8/10Seton, le naturaliste qui voyage

/ Critique - écrit par juro, le 21/07/2006
Notre verdict : 8/10 - Faut pas Seton-ner (Fiche technique)

Tags : seton naturaliste taniguchi jiro manga voyage tome

Quand s'arrêtera-t-il ? Chacun de ses mangas se révèle être une petite bombe de trouvailles sur des sujets passionnants et sortis de nulle part, à contre courant de toute la production habituelle. Déjà auteur de « livres » au ton historique prononcé (Kaze no Shô, Au Temps de Botchan), Jirô Taniguchi revient à la charge en s'appropriant la contrée des cow-boys pour une histoire faite de poésie nostalgique, d'humanité et d'un bon sens à toute épreuve. Dans la lignée de son impressionnante bibliographie, le mangaka s'inspire une fois de plus d'une parution réelle pour mettre en images, avec son propre mode de pensée, une intrigue frôlant l'excellence. Partons à la découverte de la richesse de la faune étasunienne avec Seton.

Entre chien et loup

Seton
Seton
Ernest Thompson Seton est un célèbre naturaliste américain de la fin du XIX° siècle, auteur de nombreuses histoires romancées autour de cette nature qu'il aime tant. Il fut même un des pères fondateurs du scoutisme aux États-unis. Ce personnage hors normes nous embarque dans une passionnante histoire sur les lois de Nature présentée à travers le fabuleux Far West vierge de toute présence humaine.

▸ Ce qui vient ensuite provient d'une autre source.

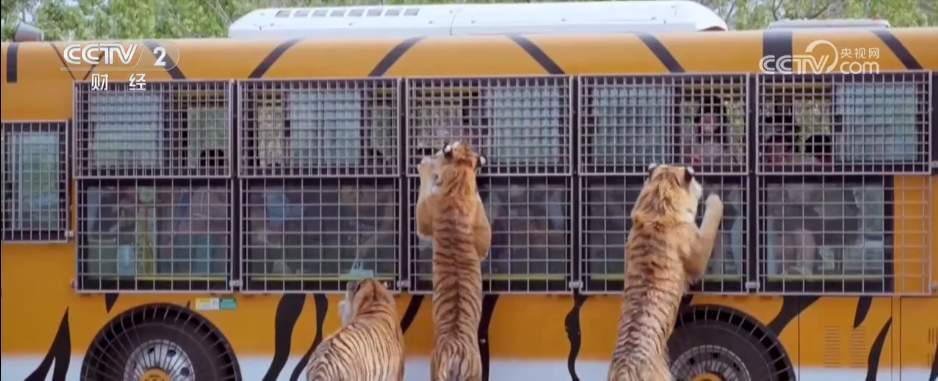 4月29日4时10分,我国在文昌航天发射场使用长征五号乙运载火箭/远征二号上面级,成功将卫星互联网低轨03组卫星发射升空,卫星顺利进入预定轨道,发射任务获得圆满成功。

Taniguchi insuffle sa poésie à grands coups de portraits de personnages réels dont il aime décrire les caractères de rêveur avec la simplicité de ses mots, usant de métaphores et d'images. Dans le cadre idéal de plaines verdoyantes à moitié exploré et domestiqué, la narration de l'auteur prend tout son sens... Taniguchi trouve le terrain rêvé pour mettre en valeur son discours pro-nature, version écologique soft. Sans tomber devant l'émerveillement d'un arbre en fleur comme dans L'Homme qui Marche, le mangaka évoque l'épopée d'un artiste au destin bouleversé par des circonstances malchanceuses et l'ouverture d'esprit restreinte d'une vieille Europe. Partir la découverte de ce nouveau monde amène au cruel dilemme de déflorer une nature vierge. Pour cet amoureux de la nature qui se cache derrière Seton, la difficulté consiste à se trouver confronté aux aléas de l'avancée de l'Homme vers l'Ouest, usant de la déforestation et massacrant la faune locale à tout va, et parallèlement en pleine étude émerveillée de cet écosystème. Le naturaliste se retrouve un peu dans la position de Nausicaä, à choisir entre Mère Nature et Homme Destructeur. Même si la question sur le choix de son camp ne se pose pas, le lecteur ressent l'infinie tristesse poétique de devoir chasser le danger animal, et notamment les loups...

Poor lonesome naturalist

Sans pour autant rivaliser avec les multiples anecdotes de Au Temps de Botchan, Seton s'attache à décrire un personnage complexe autour duquel tout l'univers gravite. Les duels à distance avec ses adversaires animaux étudiés ne laisse aucun doute sur la relation de cause à effet engendré sur le comportement de l'homme, véritablement sensible au charme de cette faune nouvelle. Pour lui, le seul homme à comprendre les animaux, ses analyses scientifiques souvent pertinentes laissent entrevoir un amour hors du commun pour les âmes sauvages. Comme tous les personnages de Taniguchi, il évolue dans un mode bien à lui, fait de pensées parfois à la limite de l'autisme.

Servi par une maestria impeccable au dessin, les fiers paysages de la longue plaine étasunienne et des formidables représentations d'animaux, déjà entrevues dans Le Chien Blanco, méritent un coup d'oeil admiratif. Face à cette succession de cases plus somptueuses les unes que les autres, teintées de bouts de réalité, le mangaka s'illustre comme d'habitude par des personnages aux visages fermés recelant une palette d'expressions impressionnantes. Aux côtés des humains, la faune a l'air plus vraie que nature. Taniguchi rend encore son trait plus beau en multipliant les détails et offrant des pleines pages de tableaux imaginatifs. Au pays des cow-boys, à Currumpaw, l'homme se confond dans l'immensité verte et l'impression de petitesse est rendue avec un hommage révérencieux par de longs « plans larges ». Même pas besoin de l'encenser, Taniguchi ne rend qu'une copie habituelle de son travail...

C'est tout naturellement que Seton trouve sa place dans la collection Made in Kana. L'édition grand format rend à merveille les planches de Taniguchi qui ne se lasse pas de se sublimer et de nous émerveiller à chaque nouvelle oeuvre parue. Un vrai grand beau manga qui vaut son pesant de cacahouètes. Pour les amoureux de Taniguchi et de la nature.